Sappho (the greek poet)
One of the great Greek lyrists and few known female poets of the ancient world, Sappho was born some time between 630 and 612 BC. She was said to be small and dark in appearance. Sappho's home was the city of Mytilene on the island of Lesbos. She was born of a noble family, the child of Skamandronymos and Cleis. She also was an aristocrat who married a prosperous merchant, Kerhylas of Andros, and she had a daughter whom she also named Cleis. Her wealth afforded her with the opportunity to live her life as she chose, and she chose to spend it studying the arts on the isle of Lesbos.

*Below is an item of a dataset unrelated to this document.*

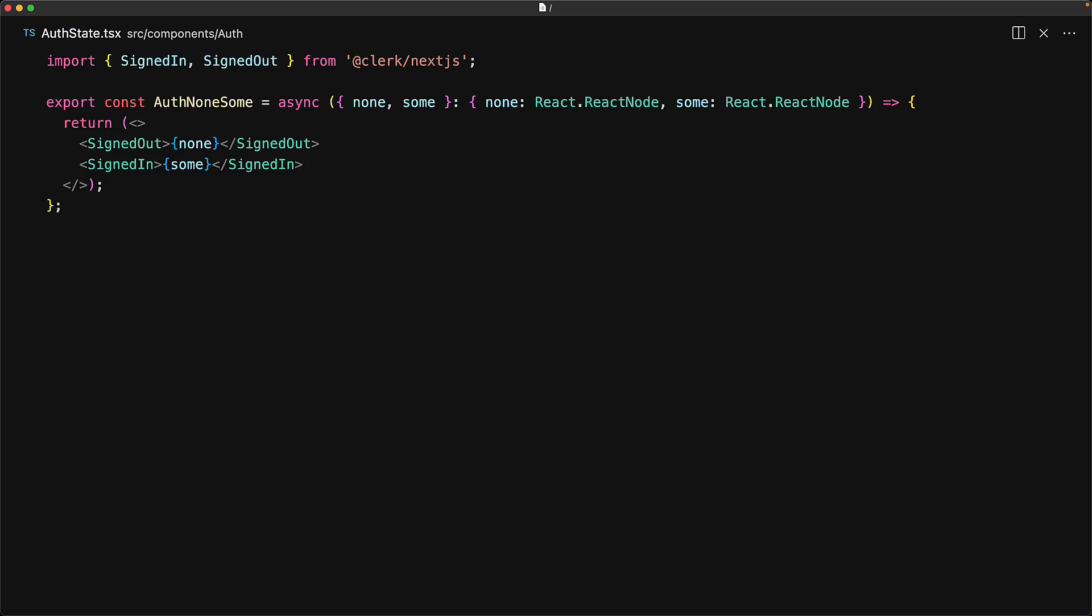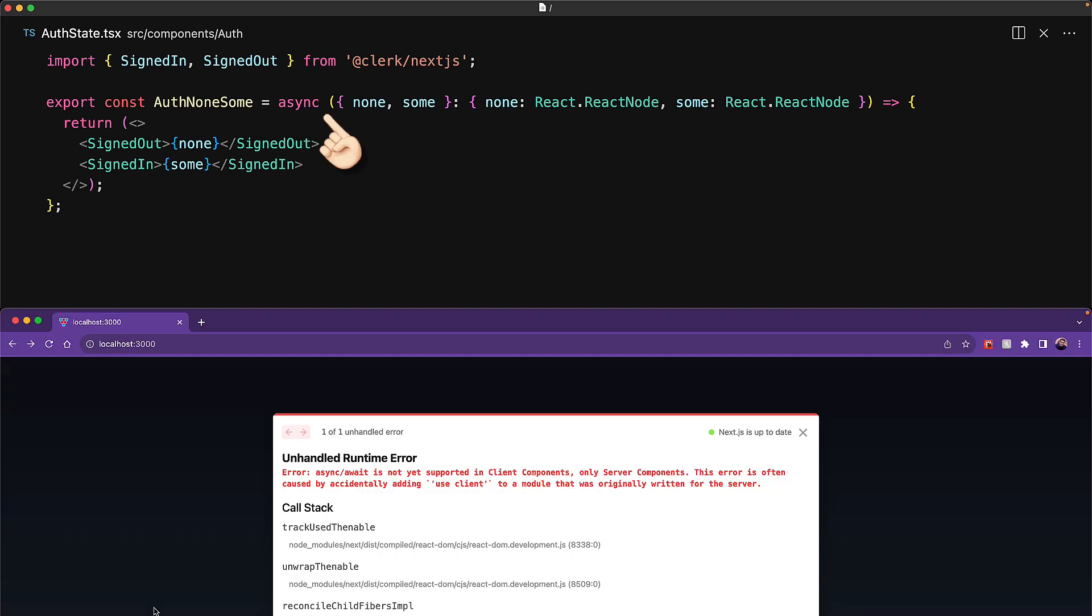Just for your curiosity, in our particular code, the issue lies within this component. We didn't actually mark it as a client component, and therefore felt safe marking this as an async component. But the error message is actually misleading, as it's sending us on a wild goose chase for some file where we have accidentally added use client.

In the seventh century BC, Lesbos was a cultural center. Sappho spent most her time on the island, though she also traveled widely throughout Greece. She was exiled for a time around 600 B.C. because of political activities in her family, and she spent this time in Sicily. By this time she was known as a poet, and the residents of Syracuse were so honored by her visit that they erected a statue to her. She was a prolific writer, and her work was collected into nine books around the third century B.C. Unfortunately, her work was deemed obscene by the Church, and most of it was burned. Most of them were lost, and Sappho was known only through quotations in other ancient writers until 1900, when considerable fragments of her work began to be found on papyrus in Egypt and so only a few hundred lines of her poetry remain. In her lifetime, she invented a 21-string lyre which she used to accompany herself when she sang her poems. She also founded a "thiasos", a society of women bound by religious and secular oaths. Her Sapphic stanza which consists of three long lines and one short one was greatly
emulated by later poets such as Horace and Catullus.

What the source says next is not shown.